The day Lenny was released he reached out to some contacts given him by Chaplain Jack and soon found himself in a welcoming community of believers who loved him for who he was and helped him get re-acclimated to society. Encouraged to make peace with his past, Lenny decided to reach out to the one person he would have happily killed with his bare hands twenty-three years ago, Chaz Lewis.
The day Lenny contacted Chaz, Chaz contacted Andy and together they hatched a plan similar to what they had discussed on fishing night. “I’m not really sure if this is cool, man” Chaz told Andy as they discussed killing Lenny and dumping him in the swamp for gator food. “Course it’s cool, bro, the dude wiped out a whole family and now he’s coming for you.” “Yeah, I guess it’s either me or him, then, right?” “Exactly!” Andy said with a wink.
Chaz and Andy found out where Lenny lived and staked out his apartment. When Lenny returned home from a church meeting, Andy was waiting for him with an aluminum baseball bat. After knocking Lenny out, the two smaller men wrestled his unconscious body into the bed of Andy’s pick up truck and headed out to a secluded boat ramp on U S 27. What neither man noticed was the surveillance camera attached to the apartment building, placed there due to the high crime rate in the immediate area.
The men, with great effort, transported Lenny from the pick up truck to the fishing boat and headed out to back channels where they would not be disturbed. Neither man was expecting Lenny to wake up so soon. Only halfway to the pre planned killing spot, Lenny woke up and lunged for Andy. Before Chaz could grab the nine millimeter handgun from the tackle box, Andy was being lifted from the boat seat by his throat. Eyes wide with terror, Andy gurgled, “shoot him man!” Chaz aimed and fired, but at such close range, he managed to kill two men with one bullet. Terrified, Chaz did the only thing he could think of, he dumped both bodies overboard and hoped the alligators would do the rest. Not knowing what else to do, Chaz drove back to Andy’s place, where he had left his car earlier in the evening. Chaz didn’t think anyone could connect him to the night’s events and decided to leave Andy’s boat and trailer in his driveway and head home and try to forget about what happened.
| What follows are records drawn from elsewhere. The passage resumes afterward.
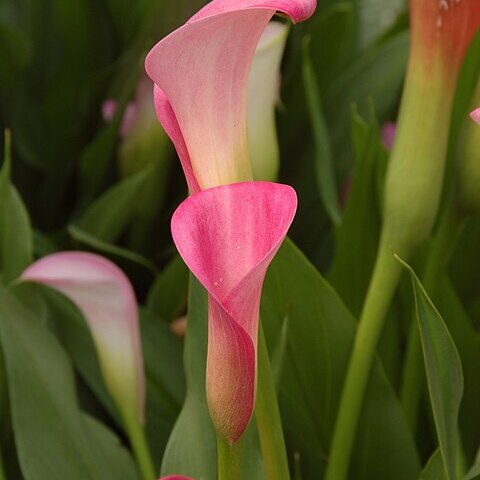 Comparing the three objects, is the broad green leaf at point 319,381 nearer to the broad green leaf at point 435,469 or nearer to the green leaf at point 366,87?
the broad green leaf at point 435,469


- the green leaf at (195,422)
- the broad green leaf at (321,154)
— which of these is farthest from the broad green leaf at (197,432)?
the broad green leaf at (321,154)

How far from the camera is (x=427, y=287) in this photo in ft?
0.98

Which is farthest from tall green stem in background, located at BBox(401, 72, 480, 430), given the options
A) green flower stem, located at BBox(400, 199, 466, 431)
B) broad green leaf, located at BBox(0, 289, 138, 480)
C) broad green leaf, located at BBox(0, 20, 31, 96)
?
broad green leaf, located at BBox(0, 20, 31, 96)

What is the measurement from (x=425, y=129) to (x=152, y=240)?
234mm

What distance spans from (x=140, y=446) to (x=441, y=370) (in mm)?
119

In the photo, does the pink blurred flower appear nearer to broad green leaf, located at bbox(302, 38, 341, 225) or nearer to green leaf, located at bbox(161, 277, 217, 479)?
broad green leaf, located at bbox(302, 38, 341, 225)

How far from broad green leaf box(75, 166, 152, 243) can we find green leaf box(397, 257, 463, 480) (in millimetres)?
199

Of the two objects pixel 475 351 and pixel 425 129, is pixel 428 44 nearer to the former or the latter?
pixel 425 129

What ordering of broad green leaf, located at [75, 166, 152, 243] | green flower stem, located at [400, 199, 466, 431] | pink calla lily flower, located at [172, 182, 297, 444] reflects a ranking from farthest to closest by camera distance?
broad green leaf, located at [75, 166, 152, 243] < green flower stem, located at [400, 199, 466, 431] < pink calla lily flower, located at [172, 182, 297, 444]

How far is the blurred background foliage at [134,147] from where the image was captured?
0.37 metres

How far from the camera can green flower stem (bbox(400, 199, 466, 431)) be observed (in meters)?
0.29

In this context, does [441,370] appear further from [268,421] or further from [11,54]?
[11,54]

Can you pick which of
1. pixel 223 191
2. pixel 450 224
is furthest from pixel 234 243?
pixel 450 224

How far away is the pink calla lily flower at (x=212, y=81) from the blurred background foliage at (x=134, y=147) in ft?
0.54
Meanwhile, the night manager at Lenny’s apartment building, having watched the attack take place on his CCTV, notified the police. Able to identify Andy by the license plate on his boat trailer, the police sent a car to stake out Andy’s house. Chaz never even noticed the police car parked at the end of the street as he pulled into Andy’s driveway. Before he could get into his own car and speed home, the police were on him.
Three years later, Chaz Lewis was walking past the prison cafeteria when he noticed a small crowd gathering. Standing in the front of the room was a rough looking guy in civilian clothes who looked like he was no stranger to a prison jumpsuit. The man waved over to Chaz, “Hi, I’m Chaplain Jack, come on in friend and have a seat.”